Headwall retreat in cirques is a principal mechanism driving cirque expansion and topographic evolution near range divides. Until now, several hypotheses have been put forward to explain how cirque glaciers undermine their headwall, but the field evidence necessary to test these models has remained elusive. Johnny W. Sanders and colleagues present nearly two years of environmental measurements made in three cirque glacier bergschrunds (West Washmawapta Glacier, British Columbia, Canada and Conness Glacier, Sierra Nevada, California). Their measurements, coupled with a numerical model of ice lens growth in idealized cracks, indicate that frost weathering by ice segregation crack growth is a viable mechanism for dismantling the headwall both above and within the bergschrund. Only in the bergschrund, however, is the glacier able to entrain the loosened rock. A slight reduction in temperature -- more typical of the Pleistocene -- shifts the locus of frost weathering to within the bergschrund.
The 8.2 ka event -- Calendar-dated glacier response in the Alps
Kurt Nicolussi and Christian Schlüchter, Institute of Geography, University of Innsbruck, Innrain 52, A-6020 Innsbruck, Austria. Posted online 18 July 2012; doi: 10.1130/G32406.1.
The "8.2 ka event" (8.2 thousand years ago) has been identified as a major Holocene climatic cooling episode in the North Atlantic realm. This event was recognized as the most extreme climatic anomaly in the Greenland ice core records during the Holocene. However, clear evidence in terms of a major climate archive, mountain glaciers, has been missing so far for the European Alps. In the light of the tree-ring analysis of tree remains found in front of the glacier snout of the Mont Miné Glacier during the past few years, the first calendar-dated evidence for a glacier advance within the 8.2 ka cooling event worldwide can now be presented. Several tree fragments date this advance from 8183 to 8168 years before A.D. 2000. The Mont Miné Glacier reached the current ice extent at that time. This 8.2 thousand-year-old advance terminates a long-lasting retreat period of the Mont Miné Glacier that goes back at least to about 9100 years before A.D. 2000, and during that time, the Mont Miné Glacier was continuously shorter than in A.D. 2005/2010. The "8.2 ka event"-related glacier advance can be seen as one of the few interruptions of generally reduced glacier and ice extent in the Alps during the first half of the Holocene.
Neogene aridification of the Northern Hemisphere
Jussi T. Eronen et al., Dept. of Geosciences and Geography, P.O. Box 64, University of Helsinki, Helsinki FI-00014, Finland; and Biodiversity and Climate Research Centre (LOEWE BiK-F), Senckenberganlage 25, D-60325 Frankfurt am Main, Germany. Posted online 18 July 2012; doi: 10.1130/G33147.1.

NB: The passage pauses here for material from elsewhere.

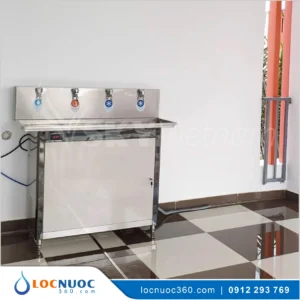 Máy làm Nóng - Ấm nước 04 vòi cho Trường học KN-4G 7 Máy làm Nóng – Ấm nước 04 vòi cho Trường học KN-4G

This paper by Jussi T. Eronen and colleagues uses a novel approach -- information from fossil mammals --to track changing aridity patterns across the Northern Hemisphere over the past 23 million years (the Neogene). Eronen and colleagues have shown previously that the distribution of tooth crown height (hypsodonty) in communities of herbivores (ungulates, or hoofed mammals) correlates well with mean annual precipitation, and they apply those proxies here. The mammal communities show that, while both Eurasia and North America had mesic (moderately moist habitat) conditions at the start of the Neogene, and both become more arid moving toward the present day, onset of aridity in North America preceded that in Eurasia (commencing at 15 million of years ago versus 10 million years ago), and this aridity was also more severe. These predicted changes can be explained by patterns of ocean circulation and paleogeography, with key influences being the proximity of North America to the Pacific Ocean and changes in the North Atlantic resulting from the formation of the Isthmus of Panama. The difference in the history of aridity of the two continental landmasses may also explain why North American ungulate immigrants to Eurasia throughout the Neogene tended to fare well, while the reverse was not true until around 5 million years ago.
Seismicity and the strange rubbing boulders of the Atacama Desert, northern Chile
Jay Quade et al., Dept. of Geosciences, University of Arizona, Tucson, Arizona 85721, USA. Posted online 18 July 2012; doi: 10.1130/G33162.1.
Jay Quade and colleagues discovered clusters of more than one ton-sized boulders in the Atacama Desert of northern Chile worn to smoothness around their mid-sections. They suggest that the boulder smoothing is the cumulative result of at least a million years of rubbing between boulders during earthquakes. Dating of the boulder surfaces shows that they have been exposed for greater than a million years. During the research team's second field visit to one major boulder site, they experienced an earthquake that rocked but did not tip the boulders, causing them to rub against each other for about a minute. This 5.6 magnitude earthquake was centered about 100 kilometers northeast of the site. In the seismically active Atacama, earthquakes of this energy or greater occur about once every four months, suggesting that the average boulder has experienced ~40-70 kilohours of abrasion over the past 1.3 million years. This unusual evidence underscores the largely unrecognized role that seismicity probably plays in hillslope sediment transport in the nearly rainless Atacama Desert and perhaps on other seismically active but now dry worlds like Mars.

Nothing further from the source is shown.